Ethnic minorities being discriminated against in China or in America?
Other ethnic minorities in the USA are a little luckier, New Mexico has the highest rate of non-whites with 47.7% Hispanic or Latino but who have no autonomy. However, NM is the only state in the USA to provide a Constitutional right to Spanish learning in schools, the other 49 States, despite 23 of them having between 10% and 39% Hispanic populations, have no such rights.
There are no public schools in the USA which teach in any of the Native American languages, there are only 11 states where schools even mention Native Americans in their curriculum and there is no evidence anywhere in the United States of any effort to write any native American language presumably because at the time of settlement, there were no known writings in North America, although Central and South America did have; but even they are all gone now.
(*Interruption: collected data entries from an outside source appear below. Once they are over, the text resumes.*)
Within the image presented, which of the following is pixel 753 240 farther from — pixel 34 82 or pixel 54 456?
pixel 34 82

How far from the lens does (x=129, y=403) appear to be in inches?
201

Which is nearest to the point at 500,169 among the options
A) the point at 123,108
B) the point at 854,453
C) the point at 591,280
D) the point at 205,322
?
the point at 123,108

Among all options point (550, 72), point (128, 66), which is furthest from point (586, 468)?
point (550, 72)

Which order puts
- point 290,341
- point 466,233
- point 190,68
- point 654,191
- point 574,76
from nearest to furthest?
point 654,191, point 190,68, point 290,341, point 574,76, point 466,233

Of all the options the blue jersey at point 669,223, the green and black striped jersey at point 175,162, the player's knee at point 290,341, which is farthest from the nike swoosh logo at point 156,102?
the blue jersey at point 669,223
Whilst we’re looking at the irony of a colonial power criticizing China for something it has done itself while China is not doing it, let’s not forget the ultimate irony of one major factor in this debate: Mongolia the country and Inner Mongolia the Chinese Autonomous Region, share the same language but only one of them uses the ancient written form. Mongolia the country abandoned Mongolian script in 1941. China is very proud of the fact that, if you want to read Mongolian, you can’t do it in Mongolia, it only exists in historical or artworks there, you need to come to the Chinese Autonomous Region of Inner Mongolia, where it’s a vibrant and living language.
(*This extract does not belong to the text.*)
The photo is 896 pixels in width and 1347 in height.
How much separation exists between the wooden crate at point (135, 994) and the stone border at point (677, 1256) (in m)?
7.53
Stand outside of a school in North America and listen to kids chattering and almost certainly you will hear English, visit Wales or Scotland and again, you’ll hear them speaking English. Compare that with my experiences this week of hearing Li Minority language for the first time, of seeing kids in Ningxia one day, and Gansu the next, a week later in Xinjiang and a few months later in Inner Mongolia all speaking their own languages.
Inside a Guangdong school you’ll hear Mandarin but inside the Mongolian school, you’ll hear a mix of Mongolian and Mandarin, inside the Tibetan school, you’ll hear Tibetan and Mandarin, inside the Xinjiang school you’ll hear Uyghur, Kazakh, Tajik, or any one of a dozen other languages plus Mandarin.
This is exactly as it should be. A blend of linguistic, cultural and traditional retention with an education that allows them to live, work, study or even marry in any other part of the huge country they live in.
Experts would criticize China if the country didn’t teach Mandarin to its minorities; that would be a fair criticism indeed.